EXTRACTED DATA:
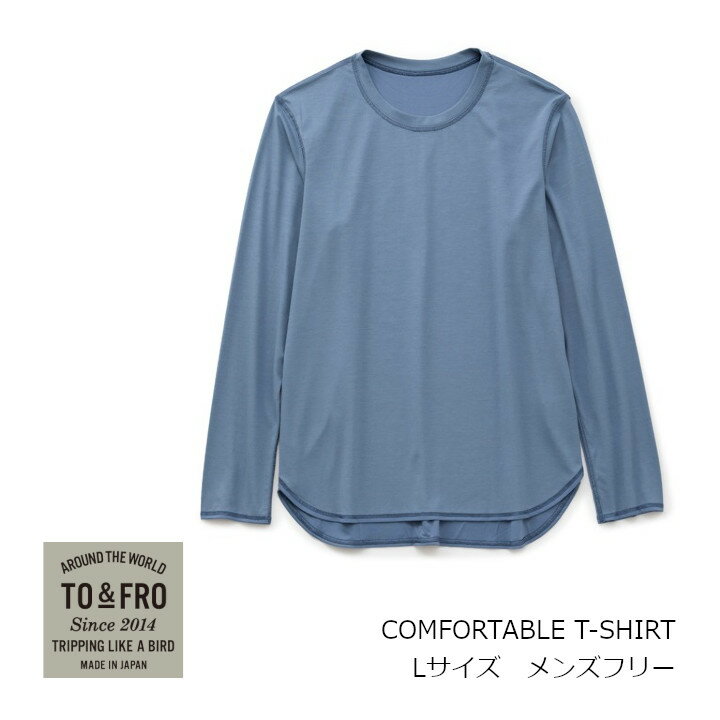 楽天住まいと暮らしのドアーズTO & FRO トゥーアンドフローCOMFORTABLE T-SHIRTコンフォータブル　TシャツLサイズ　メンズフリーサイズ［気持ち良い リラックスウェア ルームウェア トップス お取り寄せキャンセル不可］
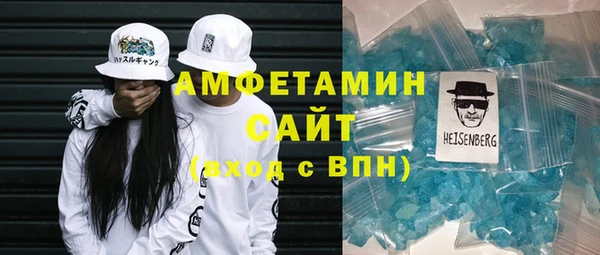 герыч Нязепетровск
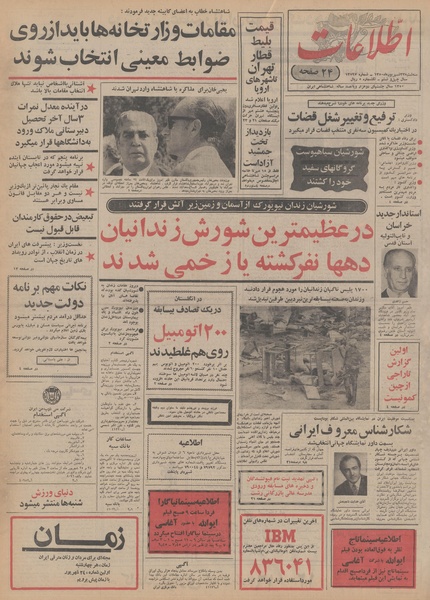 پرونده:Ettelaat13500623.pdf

--

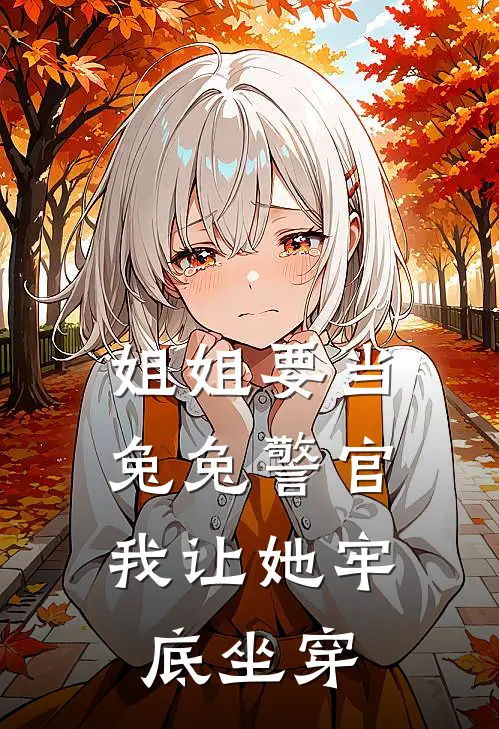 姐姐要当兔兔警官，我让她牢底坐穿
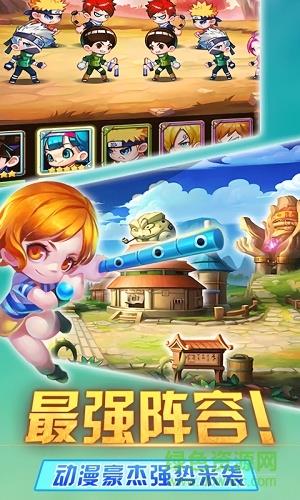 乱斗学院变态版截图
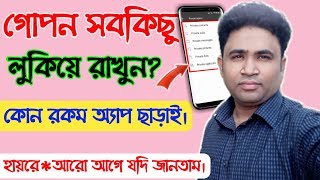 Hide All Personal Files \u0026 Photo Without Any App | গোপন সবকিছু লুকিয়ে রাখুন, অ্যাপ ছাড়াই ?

ABOUT THIS TASK:
Return exactly the part of the listing above that opens with the line containing "姐姐要当兔兔警官，我让她牢底坐穿" and closes with the line containing "Hide All Personal". Pictures stay out.

OUTPUT OF THE TASK:
 姐姐要当兔兔警官，我让她牢底坐穿
 乱斗学院变态版截图
 Hide All Personal Files \u0026 Photo Without Any App | গোপন সবকিছু লুকিয়ে রাখুন, অ্যাপ ছাড়াই ?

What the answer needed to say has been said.